Short descriptive text snippets:
______________________________
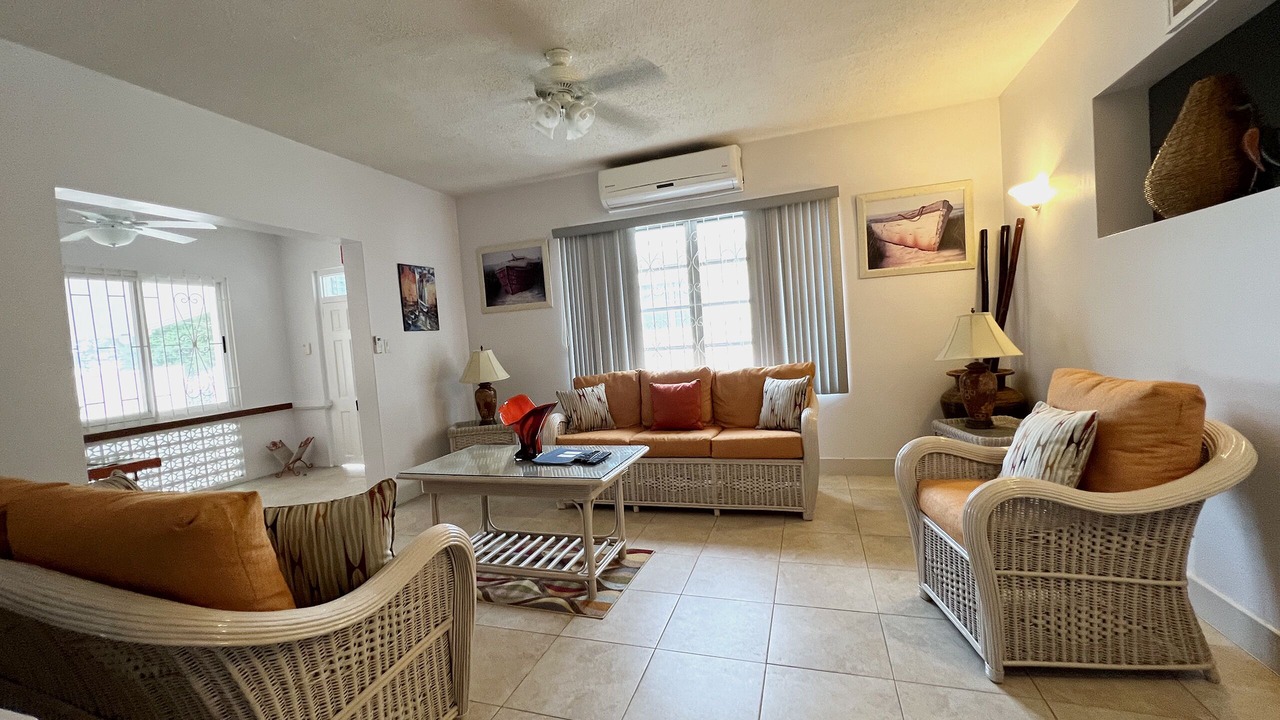 Photo of Livingroom in Reeds Bay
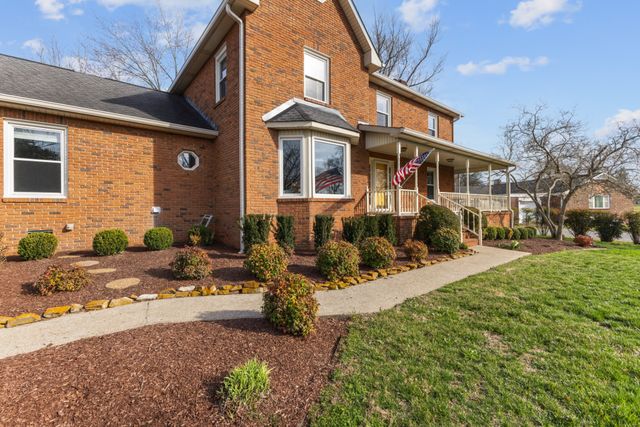 709 Harris Dr, Gallatin, TN 37066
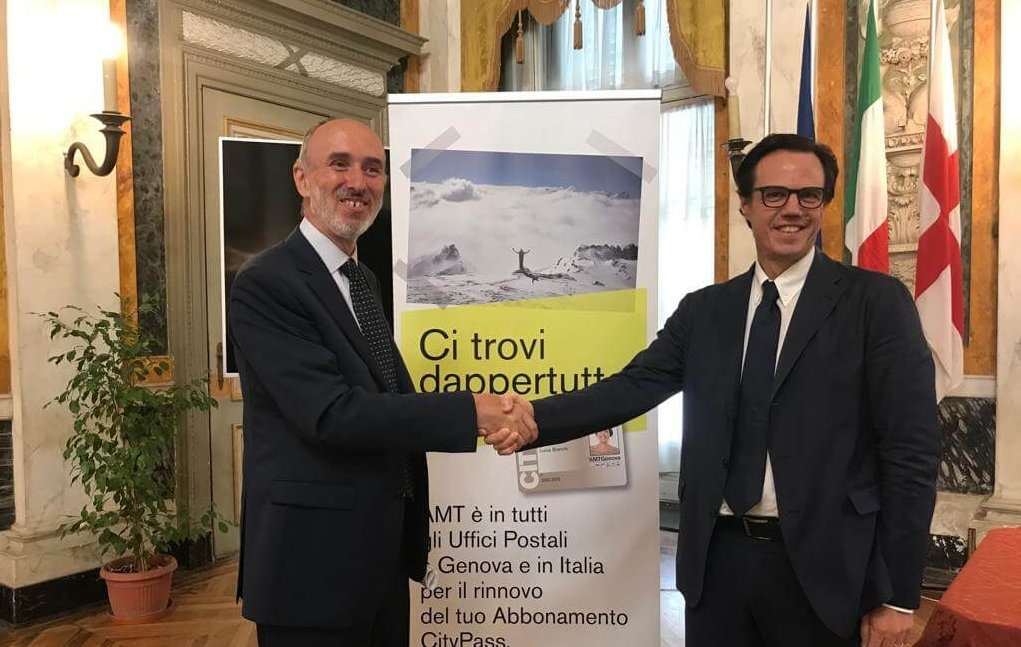 Amministratore Unico AMT Marco Beltrami e Claudio Cella Responsabile Mercato Business e PA Poste Italiane area Nord Ovest (1)
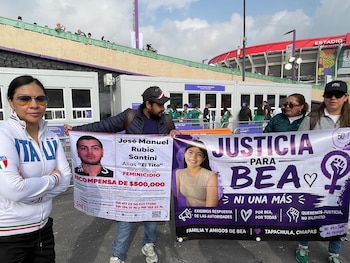 La protesta coincidió con la inauguración del torneo y llamó la atención de medios nacionales e internacionales.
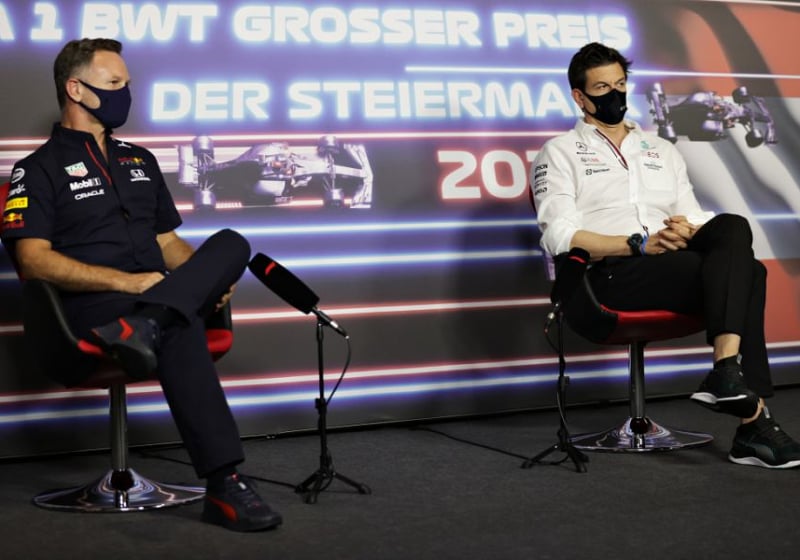 Horner sprak met Mercedes over motordeal: "Wolff was duidelijk niet enthousiast"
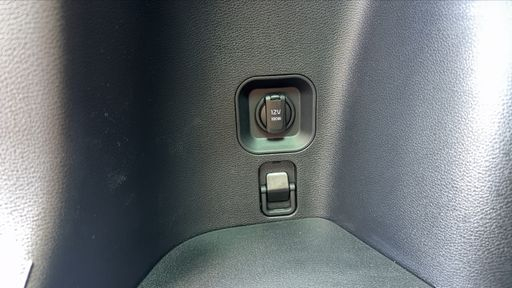 Kia Sportage 1.6 T-GDi 239 BVA8 - GT Line Premium – 2025 – 10279 km – Hybride essence – Boîte Automatique — photo 44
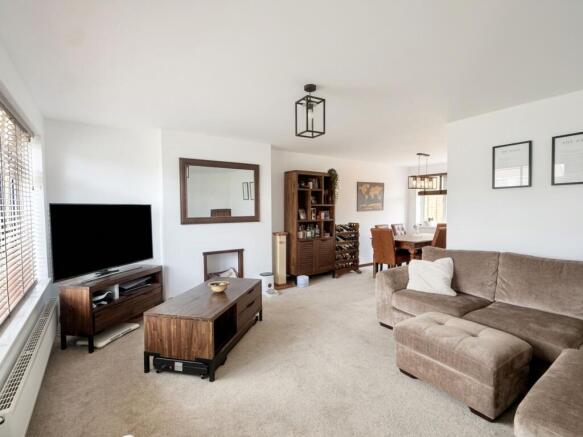 LOUNGE/DINING ROOM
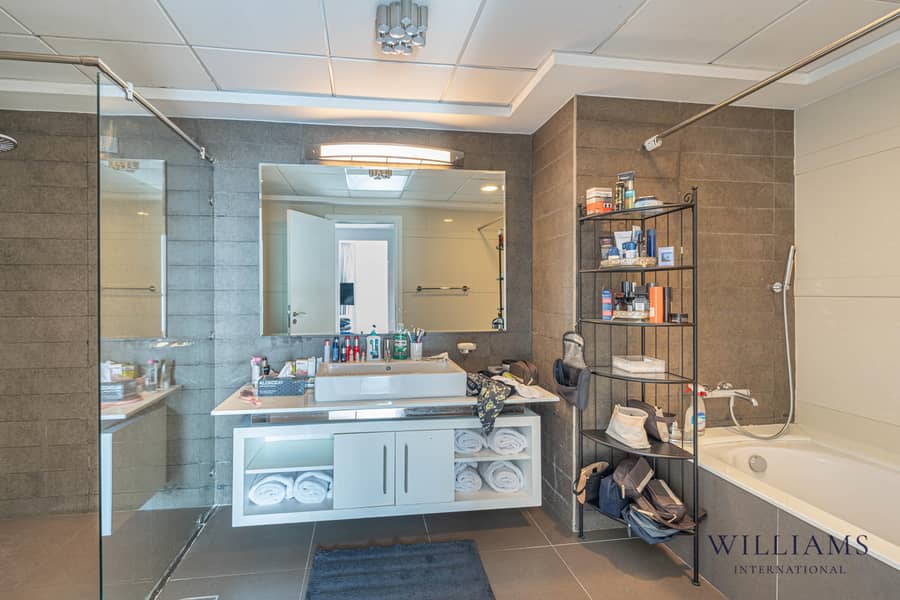 PENTHOUSE | AMAZING VIEWS | PRIVATE POOL - Image 13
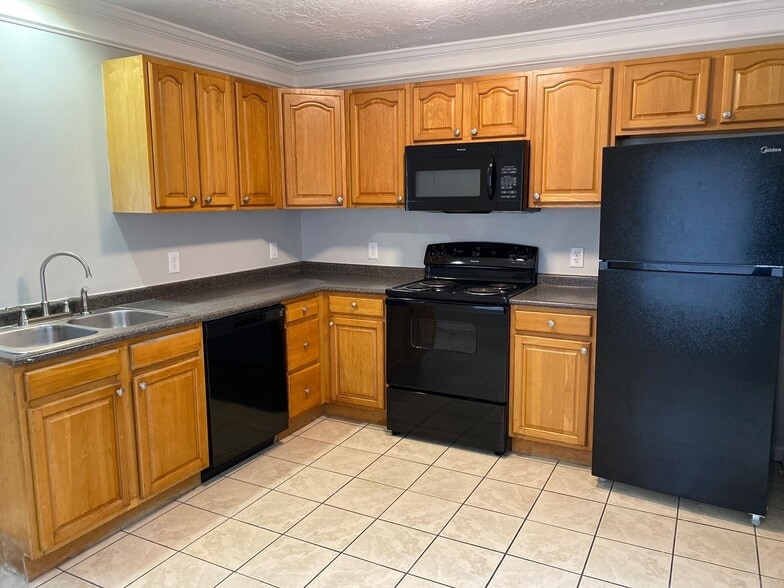 Building Photo - 68 Old Oak Cir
______________________________
**WORK INSTRUCTIONS**
Only the lines from the start of the records above through the line containing "La protesta coincidió" should be returned, exactly and with both ends, please; the pictures stay out.

**WRITTEN ANSWER**
 Photo of Livingroom in Reeds Bay
 709 Harris Dr, Gallatin, TN 37066
 Amministratore Unico AMT Marco Beltrami e Claudio Cella Responsabile Mercato Business e PA Poste Italiane area Nord Ovest (1)
 La protesta coincidió con la inauguración del torneo y llamó la atención de medios nacionales e internacionales.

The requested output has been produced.